▶ _Exercise aim_: Once the images are removed, set down everything else in the listing below exactly.

▶ _Data segment_:
"""

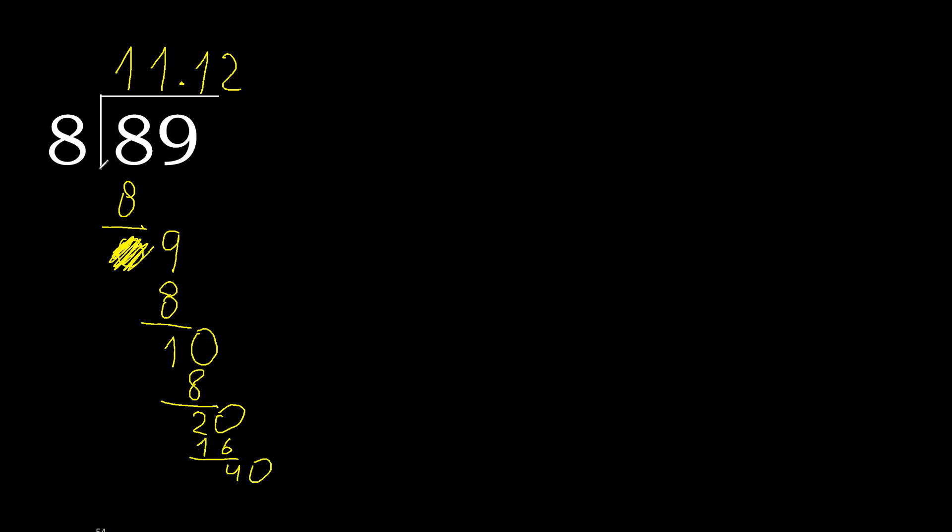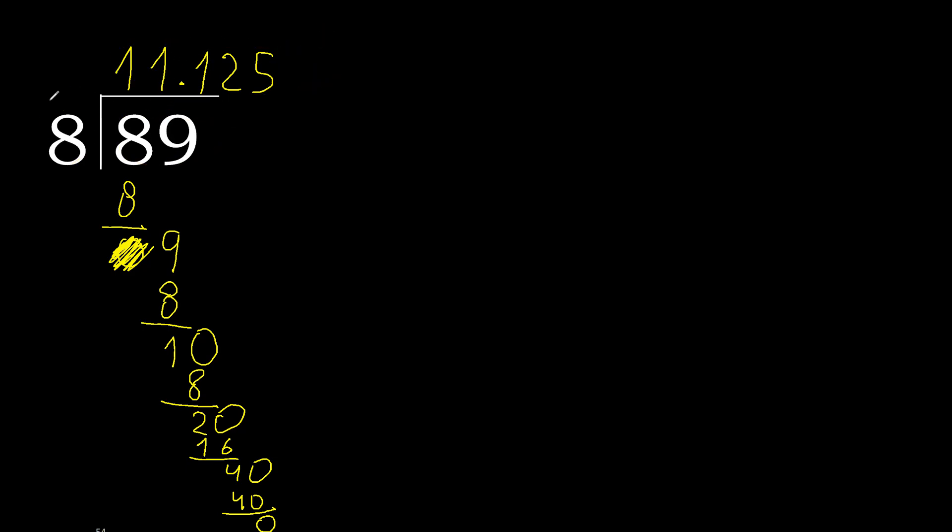Subtract. Complete to 40. 8 multiplied by 5 is 40. 40 minus 40 is 0, therefore finished. 89 divided by 8 is here.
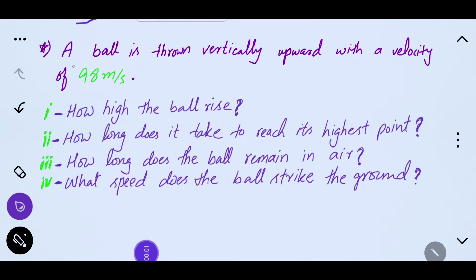Bismillah ar-Rahman ar-Rahim. Assalamu alaikum students. Linear motion ki is problem mein hum ek known value se 4 unknown values ko calculate karenge. That is going to be very interesting and very important as well. Toh chaliyya isko start karate hain.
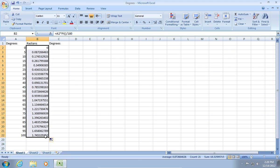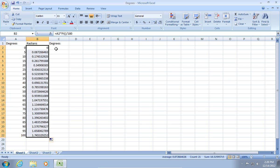Now, to convert radians to degrees, use this formula.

"""

▶ _Result of the exercise_:
Subtract. Complete to 40. 8 multiplied by 5 is 40. 40 minus 40 is 0, therefore finished. 89 divided by 8 is here.
Bismillah ar-Rahman ar-Rahim. Assalamu alaikum students. Linear motion ki is problem mein hum ek known value se 4 unknown values ko calculate karenge. That is going to be very interesting and very important as well. Toh chaliyya isko start karate hain.
Now, to convert radians to degrees, use this formula.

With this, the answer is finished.